(Exercise input begins)

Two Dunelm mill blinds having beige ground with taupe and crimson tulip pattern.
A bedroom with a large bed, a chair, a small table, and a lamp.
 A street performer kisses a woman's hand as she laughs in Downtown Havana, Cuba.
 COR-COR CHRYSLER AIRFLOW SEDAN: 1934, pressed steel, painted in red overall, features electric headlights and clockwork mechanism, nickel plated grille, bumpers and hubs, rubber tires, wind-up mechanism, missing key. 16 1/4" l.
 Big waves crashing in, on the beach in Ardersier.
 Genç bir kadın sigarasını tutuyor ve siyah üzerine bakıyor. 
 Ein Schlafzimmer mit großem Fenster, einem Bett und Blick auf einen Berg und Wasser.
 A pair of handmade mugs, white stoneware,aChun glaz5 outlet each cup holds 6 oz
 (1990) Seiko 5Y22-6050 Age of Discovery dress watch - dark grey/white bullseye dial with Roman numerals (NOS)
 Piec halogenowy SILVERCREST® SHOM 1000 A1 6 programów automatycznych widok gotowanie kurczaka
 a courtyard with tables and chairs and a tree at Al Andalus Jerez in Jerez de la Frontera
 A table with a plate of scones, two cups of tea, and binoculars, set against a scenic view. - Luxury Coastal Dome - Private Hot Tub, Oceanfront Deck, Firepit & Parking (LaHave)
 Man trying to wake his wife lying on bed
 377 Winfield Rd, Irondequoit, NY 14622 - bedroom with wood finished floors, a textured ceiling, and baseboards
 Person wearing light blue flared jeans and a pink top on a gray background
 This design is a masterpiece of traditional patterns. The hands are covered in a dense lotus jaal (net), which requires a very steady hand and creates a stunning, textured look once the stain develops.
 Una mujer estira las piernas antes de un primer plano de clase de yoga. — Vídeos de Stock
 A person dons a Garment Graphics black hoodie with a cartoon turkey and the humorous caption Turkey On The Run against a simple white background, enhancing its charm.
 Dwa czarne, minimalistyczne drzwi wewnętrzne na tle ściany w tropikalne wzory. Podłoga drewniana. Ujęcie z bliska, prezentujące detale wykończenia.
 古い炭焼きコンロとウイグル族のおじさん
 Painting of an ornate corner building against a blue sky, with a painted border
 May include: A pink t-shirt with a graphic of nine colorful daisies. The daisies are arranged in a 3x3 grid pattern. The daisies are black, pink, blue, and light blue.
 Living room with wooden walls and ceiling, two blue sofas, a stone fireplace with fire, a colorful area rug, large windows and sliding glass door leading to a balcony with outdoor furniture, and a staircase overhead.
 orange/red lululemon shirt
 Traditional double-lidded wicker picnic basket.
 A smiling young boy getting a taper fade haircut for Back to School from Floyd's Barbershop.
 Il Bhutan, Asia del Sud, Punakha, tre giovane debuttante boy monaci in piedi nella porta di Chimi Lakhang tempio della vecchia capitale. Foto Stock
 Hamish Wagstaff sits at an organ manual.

(Exercise input ends)

- [Problem to work on]: From the listing above, repeat exactly the lines starting at the line that includes "(1990) Seiko 5Y22-6050" and ending at the line that includes "Painting of an", with nothing outside that span.

- [Solution for this exercise]:
 (1990) Seiko 5Y22-6050 Age of Discovery dress watch - dark grey/white bullseye dial with Roman numerals (NOS)
 Piec halogenowy SILVERCREST® SHOM 1000 A1 6 programów automatycznych widok gotowanie kurczaka
 a courtyard with tables and chairs and a tree at Al Andalus Jerez in Jerez de la Frontera
 A table with a plate of scones, two cups of tea, and binoculars, set against a scenic view. - Luxury Coastal Dome - Private Hot Tub, Oceanfront Deck, Firepit & Parking (LaHave)
 Man trying to wake his wife lying on bed
 377 Winfield Rd, Irondequoit, NY 14622 - bedroom with wood finished floors, a textured ceiling, and baseboards
 Person wearing light blue flared jeans and a pink top on a gray background
 This design is a masterpiece of traditional patterns. The hands are covered in a dense lotus jaal (net), which requires a very steady hand and creates a stunning, textured look once the stain develops.
 Una mujer estira las piernas antes de un primer plano de clase de yoga. — Vídeos de Stock
 A person dons a Garment Graphics black hoodie with a cartoon turkey and the humorous caption Turkey On The Run against a simple white background, enhancing its charm.
 Dwa czarne, minimalistyczne drzwi wewnętrzne na tle ściany w tropikalne wzory. Podłoga drewniana. Ujęcie z bliska, prezentujące detale wykończenia.
 古い炭焼きコンロとウイグル族のおじさん
 Painting of an ornate corner building against a blue sky, with a painted border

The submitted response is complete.